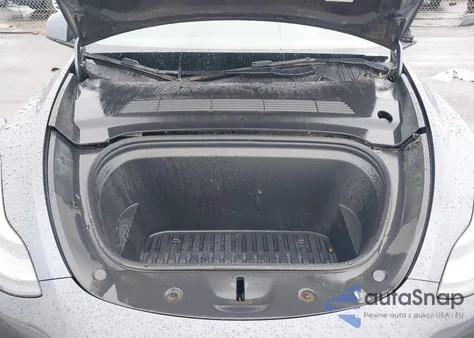 2023 Tesla Model Y Awd/Long Range Dual Motor All-Wheel Drive z USA, uszkodzony, nr VIN 7SAYGDEE8PF842237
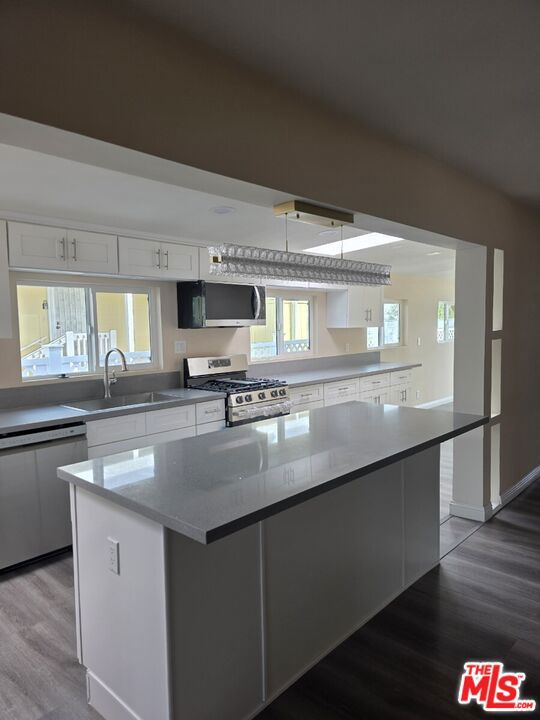 17700 S Avalon Boulevard 64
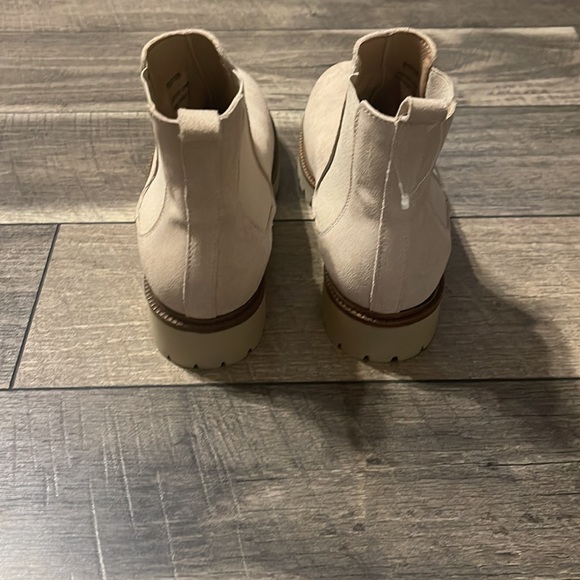 NWOB Enzo Angiolini Chelsea Boots - Picture 4 of 10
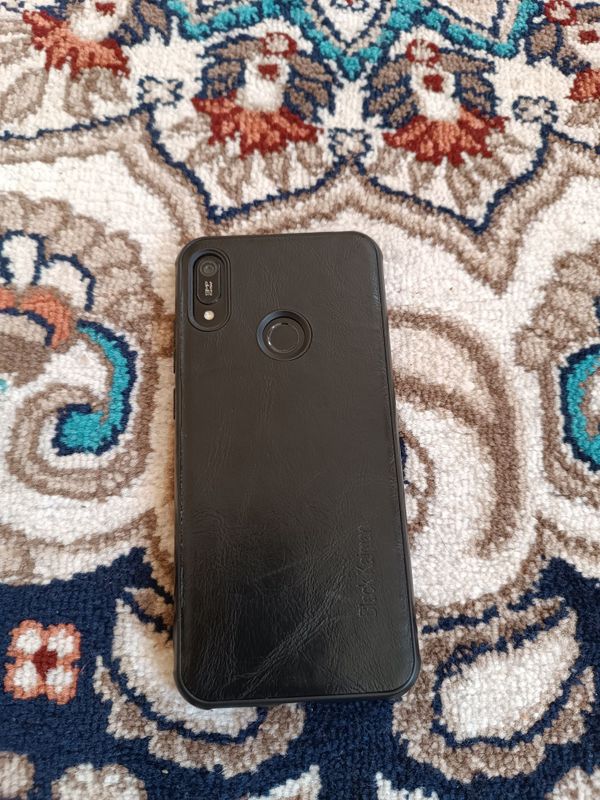 Huawei y6 2/32gb Huawei y6 2/32gb
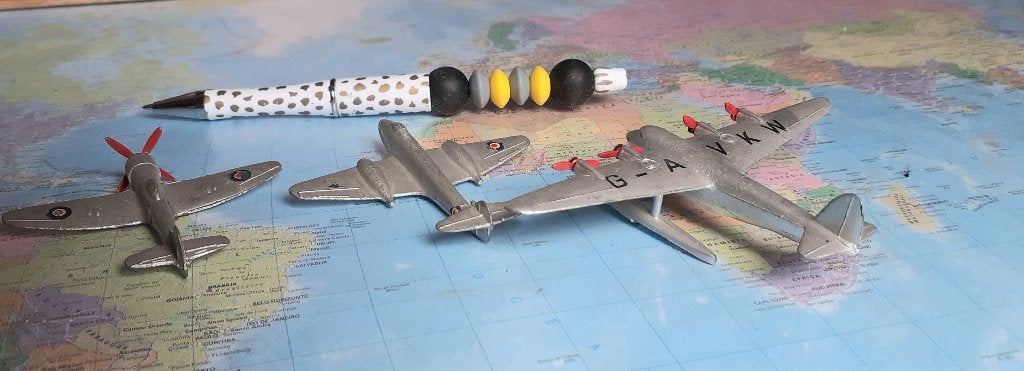 Drie vliegtuigjes Dinky Toys  Seaplane, Meteor  Tempest II, Verzenden, Zo goed als nieuw, Overige typen, Overige merken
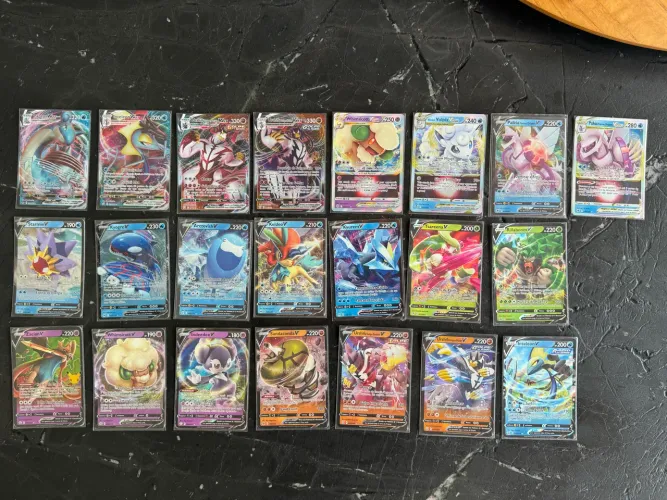 Lote 22 Cartas Originais Pokémon V VMAX VSTAR com sleeves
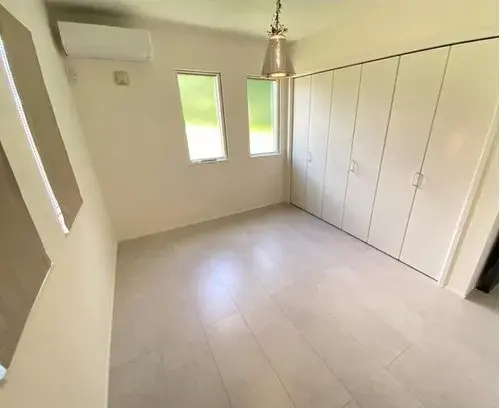 Propiedad de dos plantas con vestidor, todas las habitaciones de 6 o más tatamis, en el Pueblo de Hayama, Prefectura de Kanagawa (4)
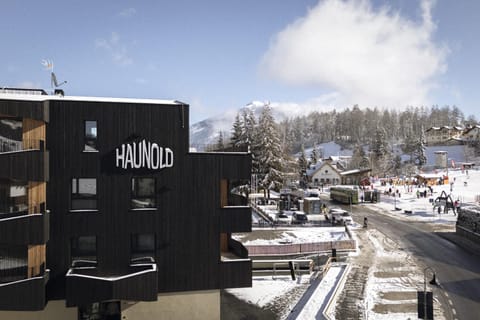 Property building, Winter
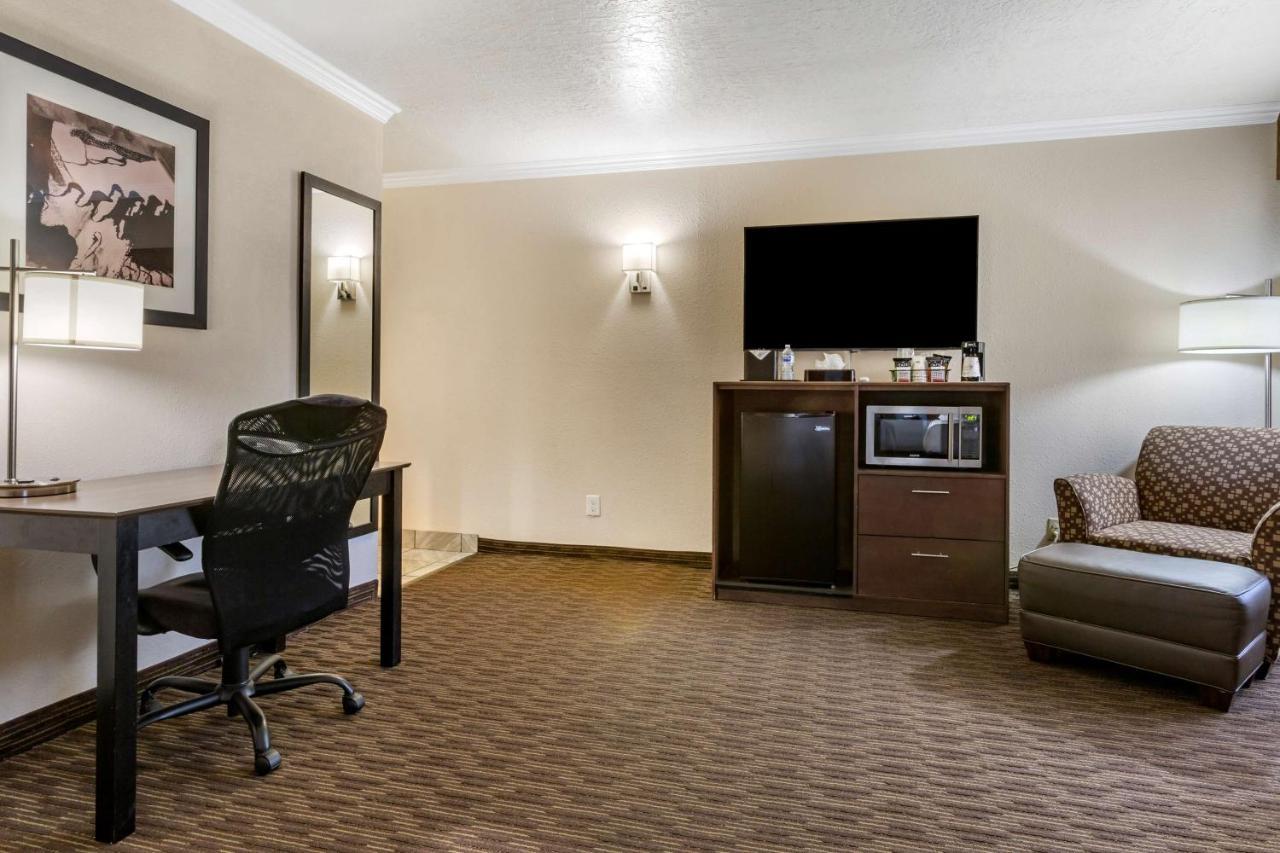 Best Western Airport Albuquerque Innsuites Hotel & Suites Exterior photo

◆ ◆ ◆ ◆ ◆

* _TRY IT_: Make an exact copy of the listing above. Do not include the pictures.

* _TASK ANSWER_:
 2023 Tesla Model Y Awd/Long Range Dual Motor All-Wheel Drive z USA, uszkodzony, nr VIN 7SAYGDEE8PF842237
 17700 S Avalon Boulevard 64
 NWOB Enzo Angiolini Chelsea Boots - Picture 4 of 10
 Huawei y6 2/32gb Huawei y6 2/32gb
 Drie vliegtuigjes Dinky Toys  Seaplane, Meteor  Tempest II, Verzenden, Zo goed als nieuw, Overige typen, Overige merken
 Lote 22 Cartas Originais Pokémon V VMAX VSTAR com sleeves
 Propiedad de dos plantas con vestidor, todas las habitaciones de 6 o más tatamis, en el Pueblo de Hayama, Prefectura de Kanagawa (4)
 Property building, Winter
 Best Western Airport Albuquerque Innsuites Hotel & Suites Exterior photo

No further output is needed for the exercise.